Paul starts his 2nd Missionary Journey

Acts 15:36-38 Some time later in 50AD, Paul suggests that he and Barnabas leave Antioch and return to the towns in Galatia and Pisidia that they visited on their previous journey (see Map 23). They have an argument about whether to take John Mark with them again, and agree to go their separate ways. Barnabas also disagrees with Paul, around this time, about whether Gentile believers should be circumcised and whether Jewish believers should eat with Gentiles (see Galatians 2:13). This may be the reason why Barnabas decides to re-visit the Jewish believers in Cyprus, while Paul re-visits the Gentile believers in Galatia.

Acts 15:39      Barnabas sets sail for Salamis (see 1 on Map 24) with his young nephew, John Mark, and revisits the Jewish believers they’d visited with Paul in Cyprus (where Barnabas was born – see Colossians 4:10 & Acts 4:36).

 

Map of Paul's Second Missionary Journey

Map 24  Paul's Second Missionary Journey

 

Acts 15:40-41 Paul is joined by Silas (‘Silvanus’ in Latin – see 1 Thessalonians 1:1, 2 Thessalonians 1:1, 2 Corinthians 1:19 & 1 Peter 5:12). Silas is from the Jerusalem Christian community (see Acts 15:22-35). They travel through Syria and Cilicia encouraging the new believers there (see 2 on Map 24). To reach Galatia from the Mediterranean coastal plain near Tarsus, they travel through the 'Cilician Gates', a steep-sided gorge that forms a pass through the eastern block of the Taurus Mountains - and which is still followed by today's travellers on the motorway. 

 

The Cilician Gates

Paul travelled through the 'Cilician Gates'  (Acts 15:41)

 

Acts 16:1-5     Paul and Silas pass through Derbe and go on to Lystra – where Paul had been stoned by the Jews and left for dead on his first visit (see Acts 14:19).
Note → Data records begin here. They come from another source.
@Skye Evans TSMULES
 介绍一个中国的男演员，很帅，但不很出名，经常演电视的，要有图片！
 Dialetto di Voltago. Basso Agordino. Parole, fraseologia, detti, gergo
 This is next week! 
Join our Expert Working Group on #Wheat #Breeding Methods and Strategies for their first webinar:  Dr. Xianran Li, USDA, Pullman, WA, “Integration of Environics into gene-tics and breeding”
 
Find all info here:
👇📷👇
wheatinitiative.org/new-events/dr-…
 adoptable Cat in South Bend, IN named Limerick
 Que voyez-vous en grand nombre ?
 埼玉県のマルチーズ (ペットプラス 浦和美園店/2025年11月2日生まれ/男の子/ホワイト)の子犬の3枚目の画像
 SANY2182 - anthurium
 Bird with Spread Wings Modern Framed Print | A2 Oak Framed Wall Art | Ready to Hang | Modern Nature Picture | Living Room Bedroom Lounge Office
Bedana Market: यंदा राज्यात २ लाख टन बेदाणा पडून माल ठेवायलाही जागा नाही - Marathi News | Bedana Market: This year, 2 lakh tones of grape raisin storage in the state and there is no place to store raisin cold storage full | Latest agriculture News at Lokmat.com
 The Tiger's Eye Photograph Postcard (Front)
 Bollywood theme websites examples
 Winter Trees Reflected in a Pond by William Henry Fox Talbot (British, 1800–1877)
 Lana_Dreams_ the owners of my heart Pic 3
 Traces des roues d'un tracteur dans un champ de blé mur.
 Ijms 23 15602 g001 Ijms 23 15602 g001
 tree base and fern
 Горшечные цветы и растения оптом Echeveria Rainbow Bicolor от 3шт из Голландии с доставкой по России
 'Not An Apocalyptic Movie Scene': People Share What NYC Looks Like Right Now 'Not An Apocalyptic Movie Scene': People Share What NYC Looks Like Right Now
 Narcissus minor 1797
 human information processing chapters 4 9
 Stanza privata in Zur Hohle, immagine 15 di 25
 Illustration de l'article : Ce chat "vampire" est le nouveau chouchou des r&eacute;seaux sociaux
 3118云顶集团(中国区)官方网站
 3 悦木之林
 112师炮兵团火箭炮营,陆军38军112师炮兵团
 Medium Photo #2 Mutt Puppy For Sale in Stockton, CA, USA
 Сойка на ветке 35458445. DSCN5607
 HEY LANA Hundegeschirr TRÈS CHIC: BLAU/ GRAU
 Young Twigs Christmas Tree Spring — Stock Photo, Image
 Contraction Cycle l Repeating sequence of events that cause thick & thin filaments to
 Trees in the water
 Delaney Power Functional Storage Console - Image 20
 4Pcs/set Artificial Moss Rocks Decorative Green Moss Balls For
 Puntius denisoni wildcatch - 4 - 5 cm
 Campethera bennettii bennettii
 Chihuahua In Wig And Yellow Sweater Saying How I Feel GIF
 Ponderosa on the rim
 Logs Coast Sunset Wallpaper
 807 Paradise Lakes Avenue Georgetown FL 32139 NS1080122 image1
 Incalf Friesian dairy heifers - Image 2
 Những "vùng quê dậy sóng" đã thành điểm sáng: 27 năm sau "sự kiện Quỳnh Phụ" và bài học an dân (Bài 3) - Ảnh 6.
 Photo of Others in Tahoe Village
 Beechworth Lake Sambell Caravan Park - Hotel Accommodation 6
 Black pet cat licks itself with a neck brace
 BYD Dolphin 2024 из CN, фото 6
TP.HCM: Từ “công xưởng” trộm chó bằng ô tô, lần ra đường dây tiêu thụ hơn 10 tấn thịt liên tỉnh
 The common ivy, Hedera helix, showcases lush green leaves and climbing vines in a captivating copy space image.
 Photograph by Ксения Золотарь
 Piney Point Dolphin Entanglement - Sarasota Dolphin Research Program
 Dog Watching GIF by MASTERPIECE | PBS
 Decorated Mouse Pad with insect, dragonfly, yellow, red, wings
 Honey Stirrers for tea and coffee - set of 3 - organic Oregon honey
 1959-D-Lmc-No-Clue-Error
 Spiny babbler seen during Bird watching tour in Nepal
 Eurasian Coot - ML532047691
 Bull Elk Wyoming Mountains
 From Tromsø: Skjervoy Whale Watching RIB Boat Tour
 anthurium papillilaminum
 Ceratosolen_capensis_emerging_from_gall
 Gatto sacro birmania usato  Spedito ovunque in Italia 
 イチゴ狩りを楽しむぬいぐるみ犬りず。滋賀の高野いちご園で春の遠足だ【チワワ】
At Lystra, Paul wants Timothy to join them, but doesn’t wish to upset the local Jews a second time. Timothy is Jewish by birth (as his mother is Jewish), but he has not been circumcised according to Jewish custom as his father is Greek (a Gentile). As the advantages enjoyed by Paul are only open to a Jewish companion (such as preaching in the Jewish synagogues and entering the inner courts of the Temple in Jerusalem) Paul circumcises Timothy (as a Jewish believer in Jesus Christ).

This in no way contradicts Paul’s strongly held belief that Gentile believers do not need to be circumcised.